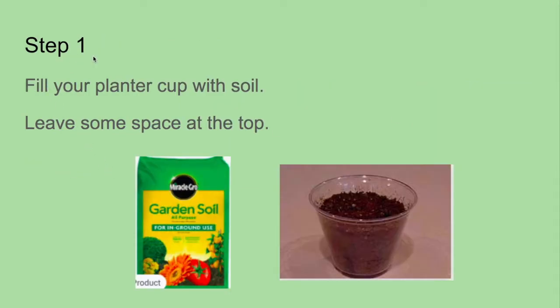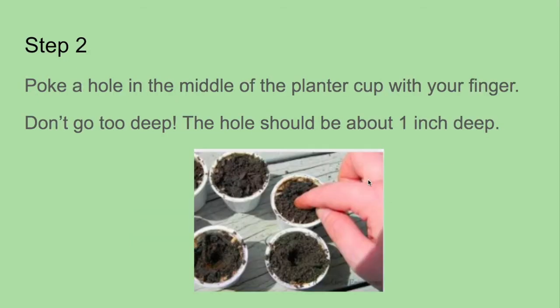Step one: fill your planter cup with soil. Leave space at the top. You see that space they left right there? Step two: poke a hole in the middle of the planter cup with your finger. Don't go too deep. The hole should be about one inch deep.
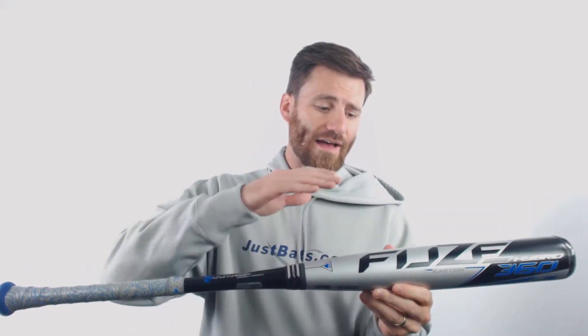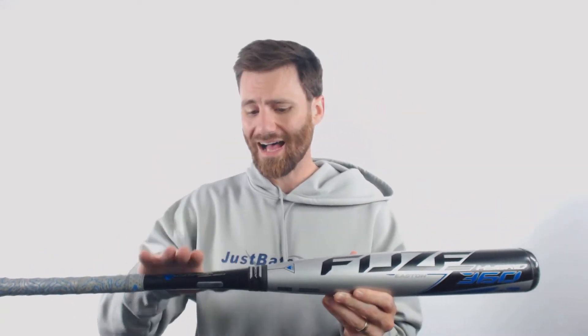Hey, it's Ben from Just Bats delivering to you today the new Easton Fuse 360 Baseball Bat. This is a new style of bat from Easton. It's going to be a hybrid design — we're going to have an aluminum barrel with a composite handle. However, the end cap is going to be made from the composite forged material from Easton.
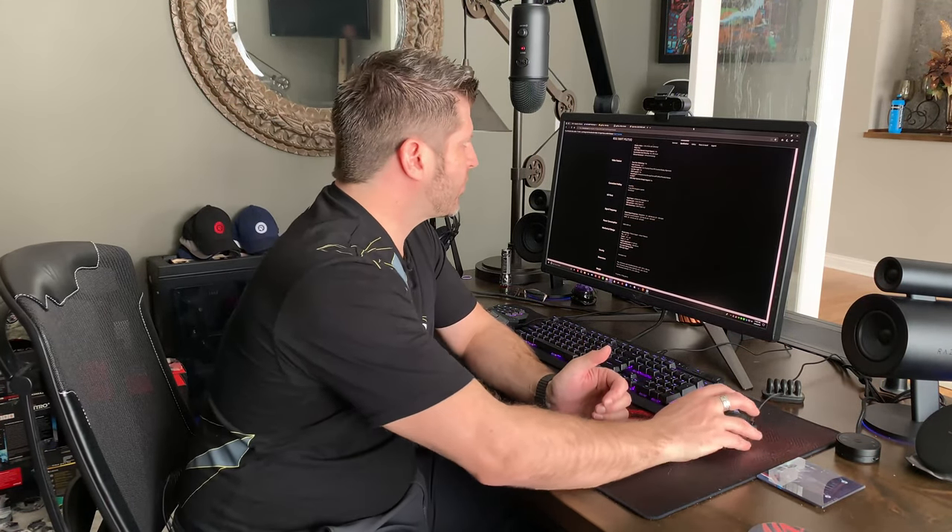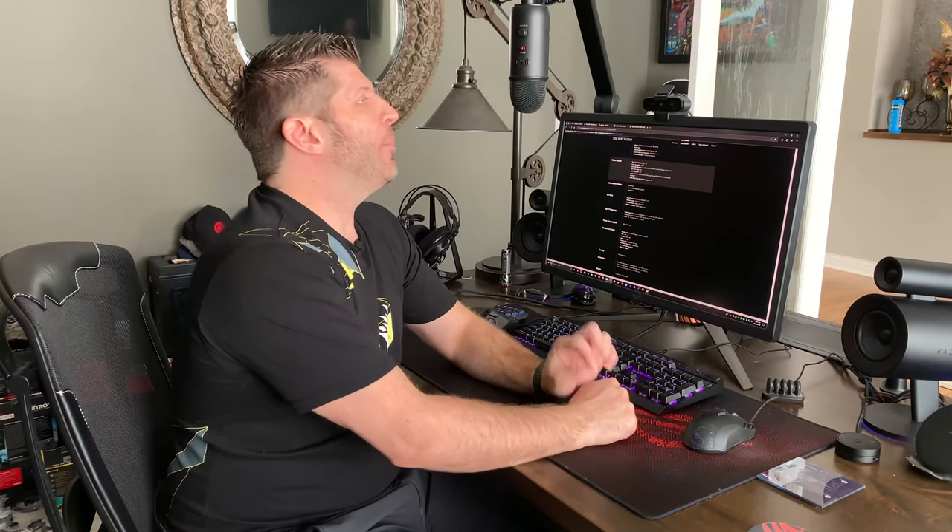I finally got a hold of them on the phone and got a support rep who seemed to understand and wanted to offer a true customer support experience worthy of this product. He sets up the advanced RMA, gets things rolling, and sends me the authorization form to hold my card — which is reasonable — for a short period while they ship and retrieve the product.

+---+

Instructions for the task: Every line in the data above needs to be given again exactly, pictures aside.

Finished exercise:
Step one: fill your planter cup with soil. Leave space at the top. You see that space they left right there? Step two: poke a hole in the middle of the planter cup with your finger. Don't go too deep. The hole should be about one inch deep.
Hey, it's Ben from Just Bats delivering to you today the new Easton Fuse 360 Baseball Bat. This is a new style of bat from Easton. It's going to be a hybrid design — we're going to have an aluminum barrel with a composite handle. However, the end cap is going to be made from the composite forged material from Easton.
I finally got a hold of them on the phone and got a support rep who seemed to understand and wanted to offer a true customer support experience worthy of this product. He sets up the advanced RMA, gets things rolling, and sends me the authorization form to hold my card — which is reasonable — for a short period while they ship and retrieve the product.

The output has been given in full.